Maria est indéniablement
le personnage de cet
Über: Invasion, qui ouvre en plus des portes extrêmement intéressantes pour l'intrigue...
... mais malheureusement, la série, qui devait se poursuivre jusqu'au numéro 21, est en hiatus depuis 2018 après s'être arrêtée au numéro 17.
C'est d'autant plus dommageable que malgré ce que je trouve être une légère baisse en qualité,
Über reste pour moi l’œuvre la plus intéressante de
Kieron Gillen, qui est à mon humble avis l'un des tout meilleurs scénaristes de comics contemporains. L'un de ceux qui pourrait valoir un
Gaiman ou un
Moore (Ça, c'est dit) s'il savait arrêter avant de se perdre dans ses idées : utiliser
Über comme base de référence pour ça ne serait probablement pas judicieux vu son thème, mais c'est tout de suite plus visible dans
DIE.
Un mot rapide sur le dessin :
Daniel Gete est de retour sur l'ensemble du run, et nous offre le même travail de qualité qu'il avait donné pour la première mouture, rien à redire.

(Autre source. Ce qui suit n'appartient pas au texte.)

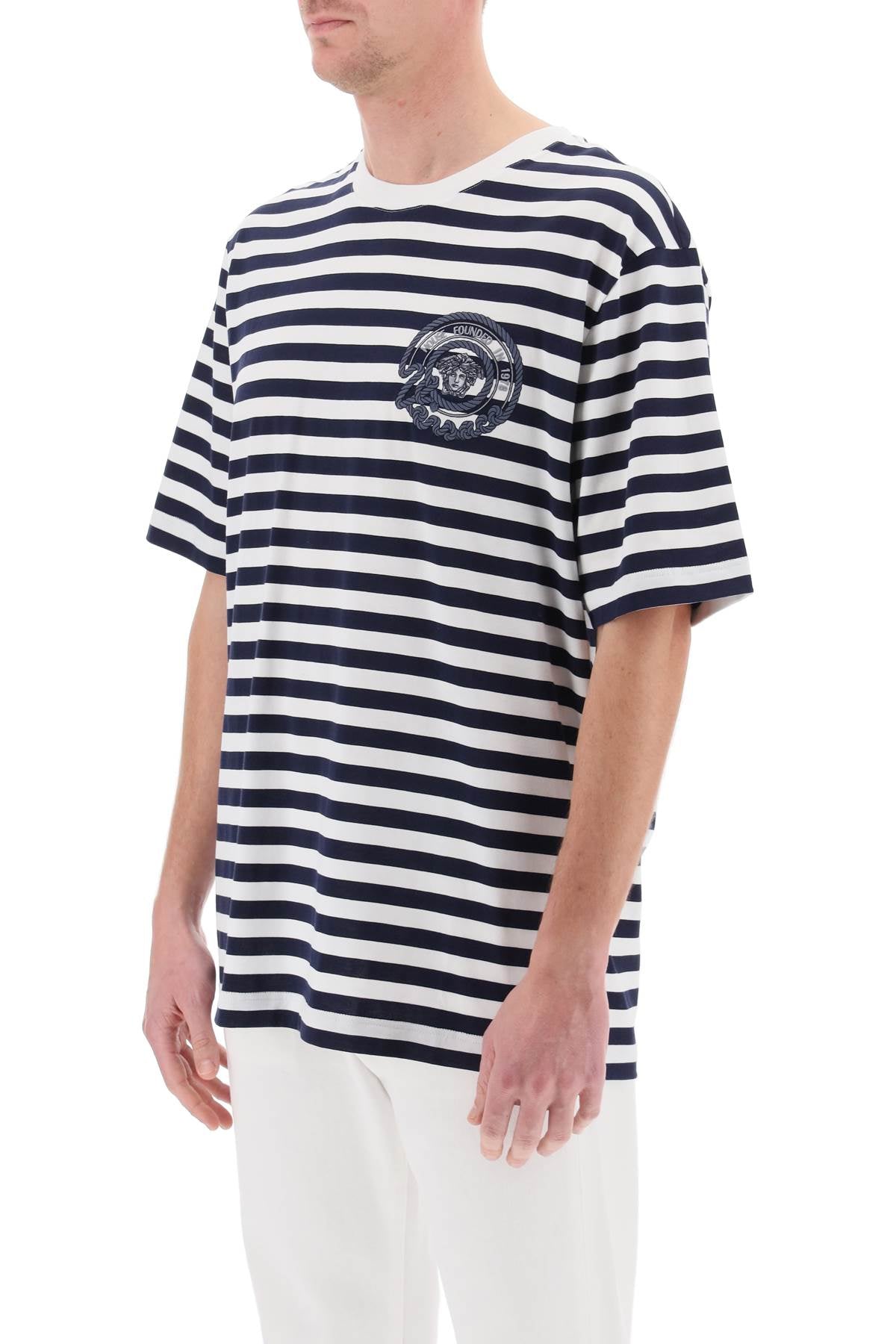 Versace Men's Nautical Stripe Cotton T-Shirt with Medusa Logo image 3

Je dois admettre cependant que je préfère le côté plus cru et bestial qui était celui de
Caanan White, notamment dans sa manière de dessiner les corps.
Pete paraît presque trop propre et sage par moments, avec un petit côté "sous-
Jamie McKelvie". Cela alors qu'il est en charge de moments parfois plus durs que ce qu'il se passait au début de la série, ça fait bizarre. C'est une impression qui n'engage cependant que moi et n'entrave en rien le "plaisir de lecture" (si tant est que le terme soit approprié).
Voilà, en conclusion, donc, comme pour son grand frère, je vous invite très chaudement à lire
Über: Invasion, qui peut servir de point d'entrée probablement plus potable pour les sceptiques avec son contexte de départ plus "fantaisiste" dans les endroits qu'il emploie ... Mais ce n'est après que ma sensibilité personnelle : Ça reste un comics extrêmement dur dans son imagerie et dans son traitement de la guerre dans son ensemble.